Seven hundred and eighty nine years after the Magna Carta, 72 years after the courage of Kinder Scout, and 100 years after they were first proposed, the right of the English to roam over large tracts of their own country became a reality today - and promptly ran into a very modern complication.

Pro-hunting groups, who, together with their opponents, have done so much to set country against town, are threatening to mar the fruits of a campaign for access that has gone on longer than fox hunting with hounds has ever done. Thousands of walkers are taking to the hills and downs for today's launch of the "Right to Roam", but ramblers' leaders fear their campaign to attract millions of new walkers could be hurt by the battle over fox-hunting.

Pro-hunting groups have forced Alun Michael, the Rural Affairs minister, to cancel scheduled walks on newly open land. He said the threat of "thuggery and violence" over his handling of the hunting Bill had forced him to abandon his plans to lead the celebrations, though he dismissed claims that the countryside was now a "no go" area for government members. Pro-hunting groups still plan to target ministers on official visits to rural areas and harass Labour MPs with rural seats.

Mr Michael was due to walk at Kinder Scout in Derbyshire, scene of the famous "invasion" by walkers in 1932, which launched the modern rambling movement. Today, he was to lead official celebrations in Lancashire and at the Forest of Bowland in Derbyshire alongside hundreds of ramblers and the civil servants who helped bring in the rights.

Local police warned Mr Michael yesterday morning that they had intelligence that militant pro-hunting activists were planning to target him. That threat had grown since Wednesday's clashes between fox-hunters and police outside Parliament, and the arrest of eight activists who invaded the Commons chamber.

The Countryside Alliance, the most prominent pro-hunt campaign group, was jubilant about Mr Michael's withdrawal. Tim Bonner, the CA's spokesman, claimed yesterday "the countryside will become a no-go area for Labour ministers". Plans for mass demonstrations at Labour's conference in Brighton, however, are being scaled back because of security risks. Janet George, of the militant Countryside Action Network, said: "We do get incredibly good intelligence about ministers' movements - hunting supporters are everywhere."
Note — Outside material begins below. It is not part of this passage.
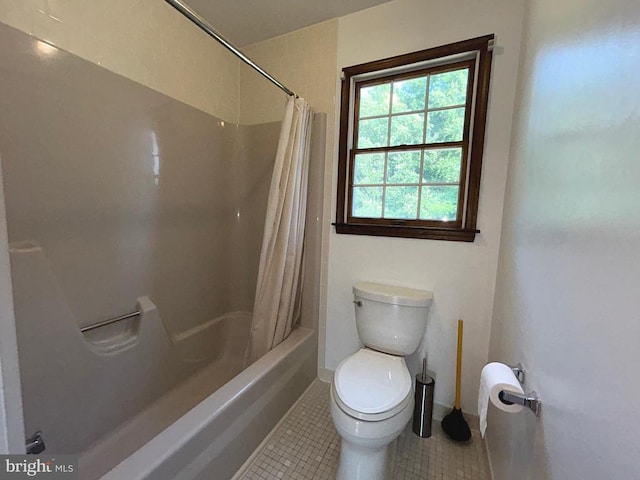 bathroom with tile patterned flooring, shower / bath combo, and toilet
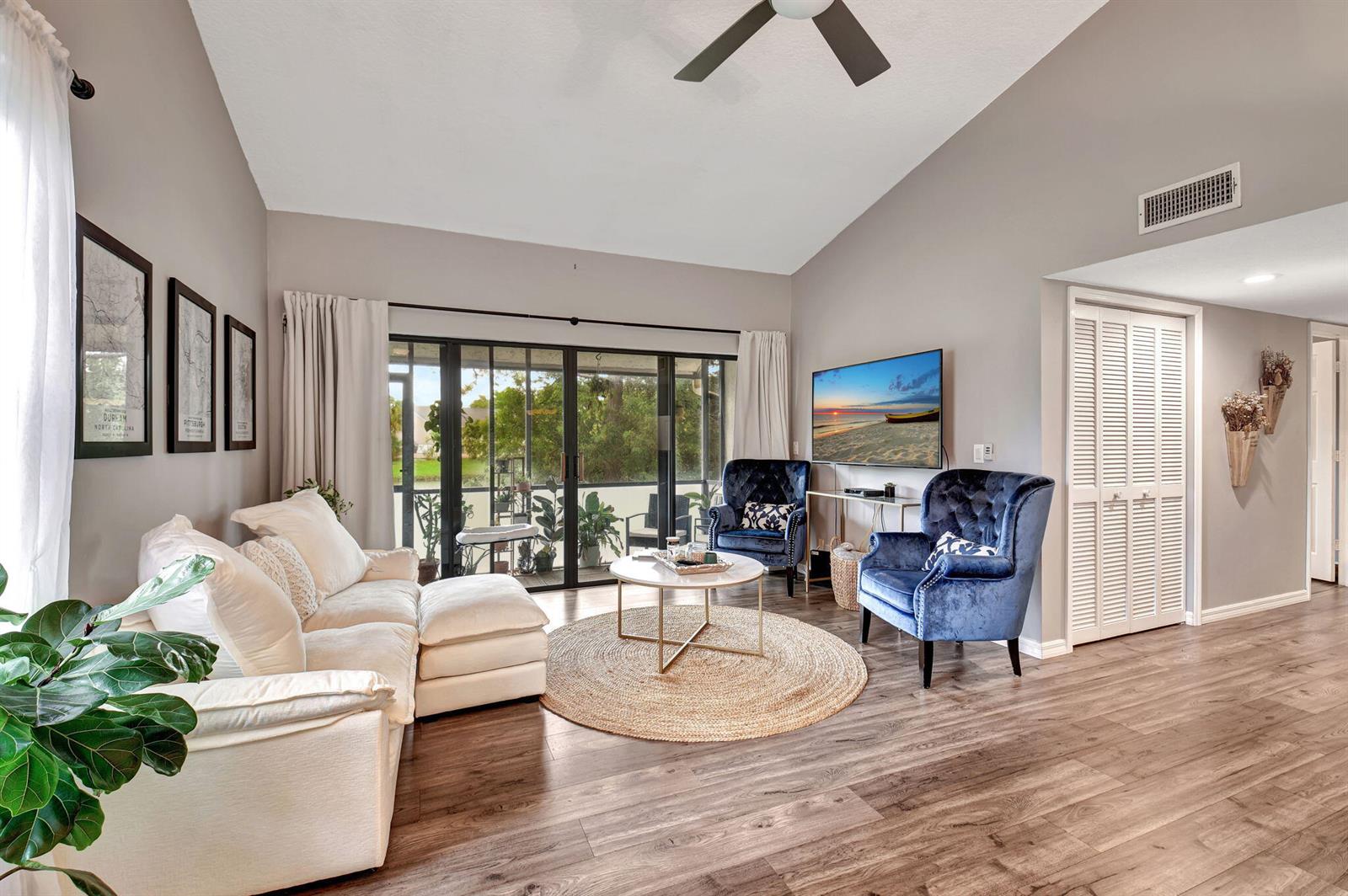 A living room features a white sectional, two blue velvet chairs, and sliding glass doors — 22 Via De Casas Sur # 101, Boynton Beach FL 33426, BOYNTON BEACH, FL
To the irritation of the Ramblers' Association, the CAand rural campaigners are linking the new access rights with the proposed hunting ban. They accuse ministers of hypocrisy by stripping rural communities of one right, to hunt, while giving city dwellers rights to walk over their private land.

More than 107,000 hectares (264,500 acres) of English countryside - including the Peak District, Ribblesdale and the South Downs - will become open to ramblers and walkers for the first time today under new Countryside and Rights of Way Act, more than 100 years after these rights were first proposed.

Many landowners fear the clash between the two issues could be damaging. After earlier sympathising with the fox-hunting lobby, Mark Hudson, the chief executive of the Country Landowners and Business Association, conceded that walking was vital to rural areas. Economists say ramblers spend between £1.4bn and £2.7bn there, helping to employ 245,000 people - far more than hunting.

Nick Barrett, chief executive of the Ramblers' Association, said the clash with fox-hunting was frustrating. "We're all missing an opportunity because there's another story attempting to take centre stage.

"This is giving people the legally protected right for the first time to go for a walk in some of the country's wildest and most beautiful places."

Today's launch, which involves access to 91,400 hectares in lower North-west England and 13,850 hectares in the South-east, is the first stage in a 15-month process to map one million hectares of "open access" areas across England. A similar process is under way in Wales.

There are lingering criticisms, however. Mountain-bikers are expected to exploit illegally the new rights of access, while in the North-west, landowners fear it will be difficult to warn walkers when their land is legally closed.